• _Work instruction_:
Answer with a number only, giving how many lines in the data below include "Black".

Scraped caption text data:

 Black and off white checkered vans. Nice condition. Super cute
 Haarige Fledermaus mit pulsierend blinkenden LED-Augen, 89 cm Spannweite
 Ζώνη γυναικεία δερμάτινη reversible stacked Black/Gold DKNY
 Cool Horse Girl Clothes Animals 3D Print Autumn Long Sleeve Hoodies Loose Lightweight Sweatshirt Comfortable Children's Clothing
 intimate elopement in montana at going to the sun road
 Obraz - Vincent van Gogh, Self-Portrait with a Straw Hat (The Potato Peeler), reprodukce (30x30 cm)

• _Exercise result_:
2